Mr Gove’s plans include tasking forensic accountants to track down those responsible and extending help to cover leaseholders of low-rise flats.
The building industry has been warned of new laws forcing them to act if they don’t agree to the £4bn plan by early March.
Potential action includes restricting access to government funding and future procurements, the use of planning powers, and pursuing firms through the courts.
Mr Gove has also warned of using new taxes to ensure developers live up to their responsibilities to fix dangerous cladding.
Labour cast doubt on Gove’s taxes threat
However, Labour questioned Mr Gove’s ability to impose levies on the building industry in order to raise cash.
Lisa Nandy, the shadow secretary of state for levelling up, housing and communities, warned that money earmarked for ministers’ levelling-up schemes or housing projects could be “raided” if talks fail to ensure developers stump up.
She highlighted a letter from Treasury minister Simon Clarke which, she said, cast doubt that a new tax on those responsible was the backstop.
In the letter, seen by Sky News, Mr Clarke told Mr Gove that he “may use a high-level ‘threat’ of tax or legal solutions in discussions with developers as a means to obtaining voluntary contributions for them”.
But Mr Clarke also warned Mr Gove that decisions over taxes remained with the Treasury and was “not a given at this point”.
“It appears what he’s [Mr Gove] told the public – that tax rises are the backstop – is not what he’s told the Treasury,” Ms Nandy told the Commons.
“This letter says ‘you have confirmed separately that DLUHC budgets are a backstop for funding these proposals in full should sufficient funds not be raised from industry’.
“That is not what the secretary of state told the House a moment ago.

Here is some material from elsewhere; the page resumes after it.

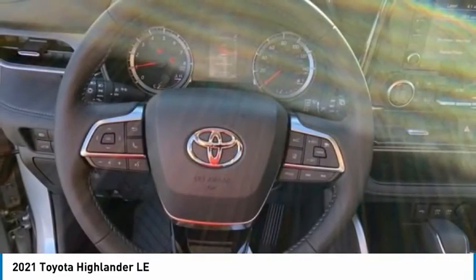If you like it online, you'll love it in your driveway. Take it for a spin today.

“So can he clear this up: has the Chancellor [Rishi Sunak] agreed to back a new tax measure if negotiations fail or is he prepared to see his own already allocated budgets, levelling-up funding or monies for social or affordable funding raided?

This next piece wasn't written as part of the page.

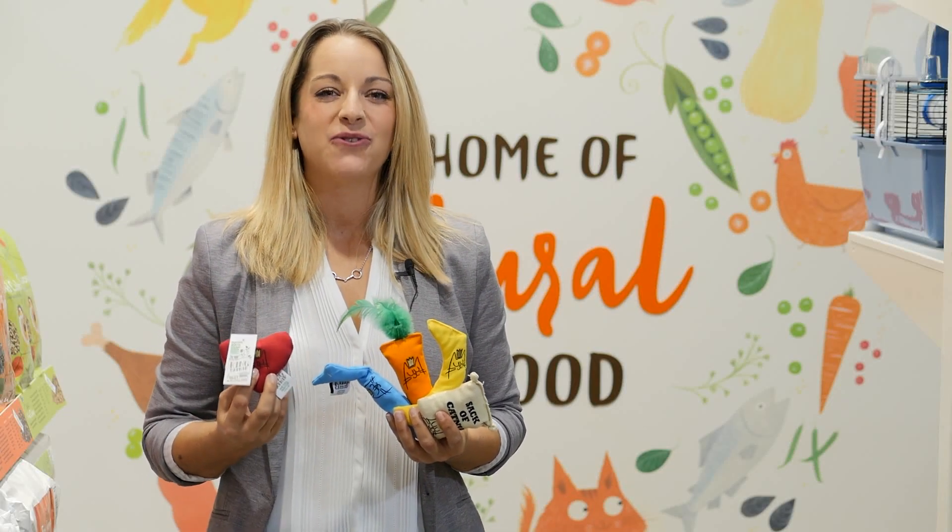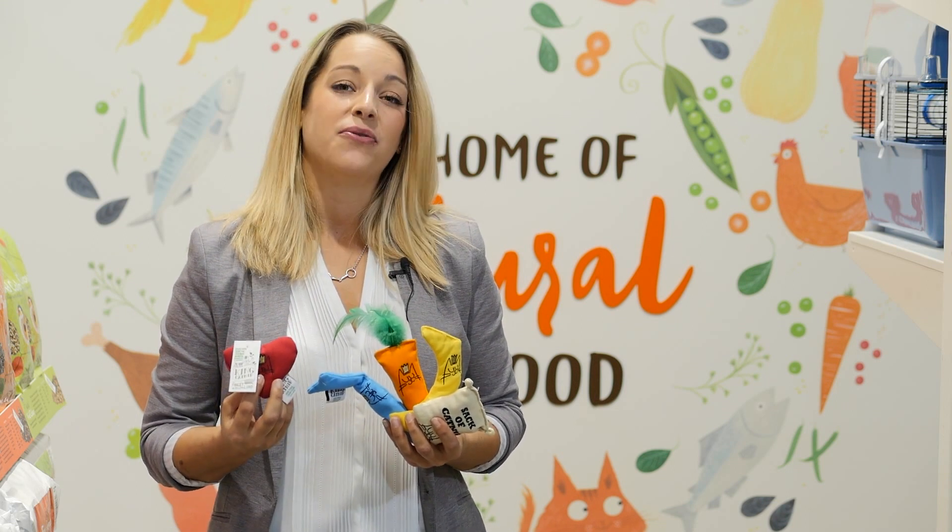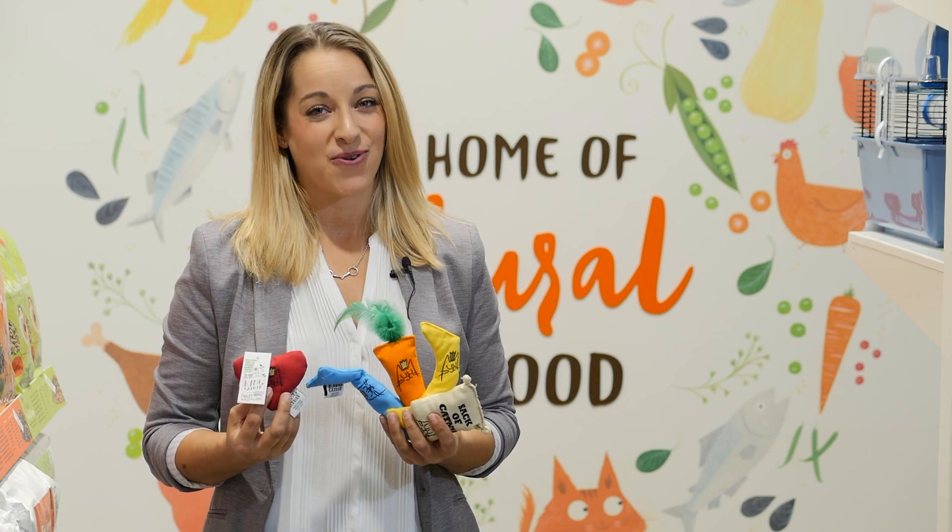King Catnip — the most potent range of catnip toys available. These are stuffed to the brim with catnip leaves grown in North America that are completely 100% organic.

“Or is his plan to go back to the Treasury and renegotiate and legislate if he fails in March? If that is the case, it’ll take months and there’s nothing to stop freeholders passing on the costs to leaseholders in the meantime.”

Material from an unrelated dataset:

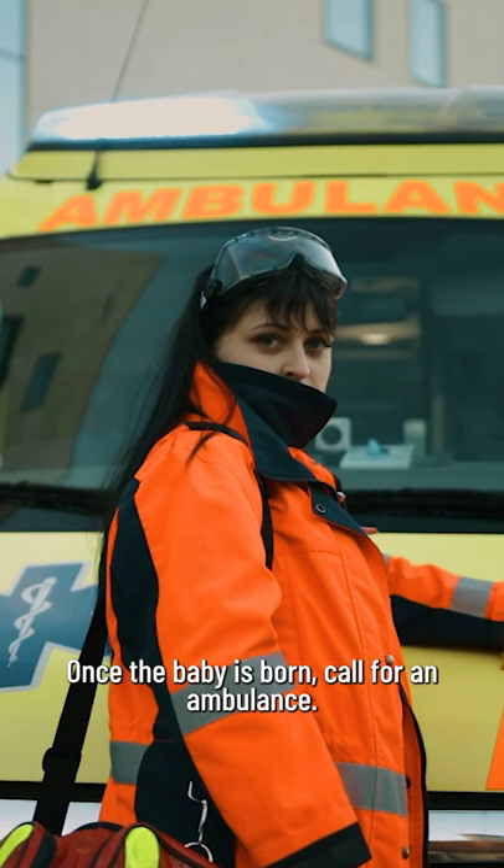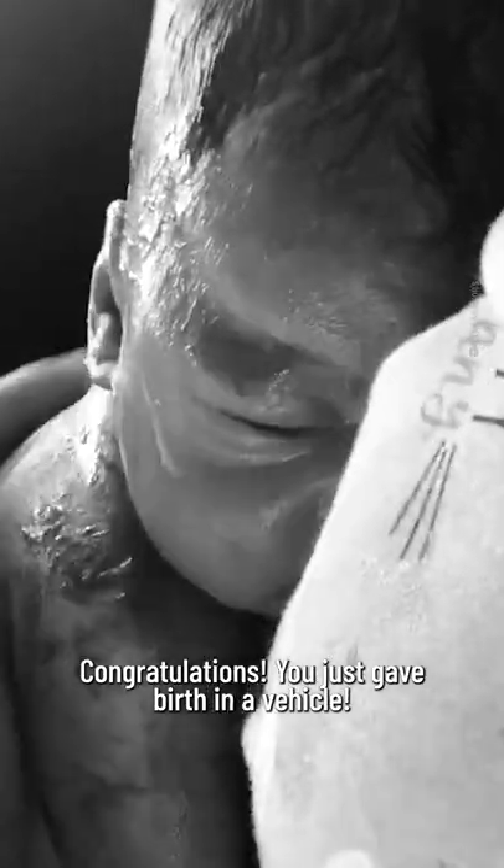Once the baby is born, call for an ambulance. Congratulations, you just gave birth in a vehicle.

Campaigners call for ‘tough action’ on non-cladding safety defects
Cladding campaigners welcomed Mr Gove’s statement but warned that the “tough” talk needed to be followed by “tough action”.
The End Our Cladding Scandal group said in a statement: “It is clear from a leaked Treasury letter over the weekend that Chancellor Rishi Sunak still does not appear to understand the gravity of our situation and is seemingly doing all he can to evade ensuring homeowners are protected.
“There may be more funding for cladding only, but the burden of paying for repairs for other serious safety defects – lack of compartmentation, missing fire breaks, shoddy building work – has still not been lifted from leaseholder shoulders, whatever their building’s height.”
Stewart Baseley, executive chairman of the Home Builders Federation, called for “proportionate” solutions to be found in talks with ministers.
“The largest UK based house builders, who only built a minority of the affected buildings, have already spent or committed approaching £1bn to remediate affected buildings and the recently announced Property Developers Tax will raise billions more,” he said.
“We will engage directly with government but any further solutions must be proportionate, and involve those who actually built affected buildings and specified, certificated and provided the defective materials on them.
“However, the most urgent action remains for government to define guidance and work with lenders, insurers, surveyors and the construction industry to understand what remediation work actually needs to be done to resolve issues for residents quickly and simply.”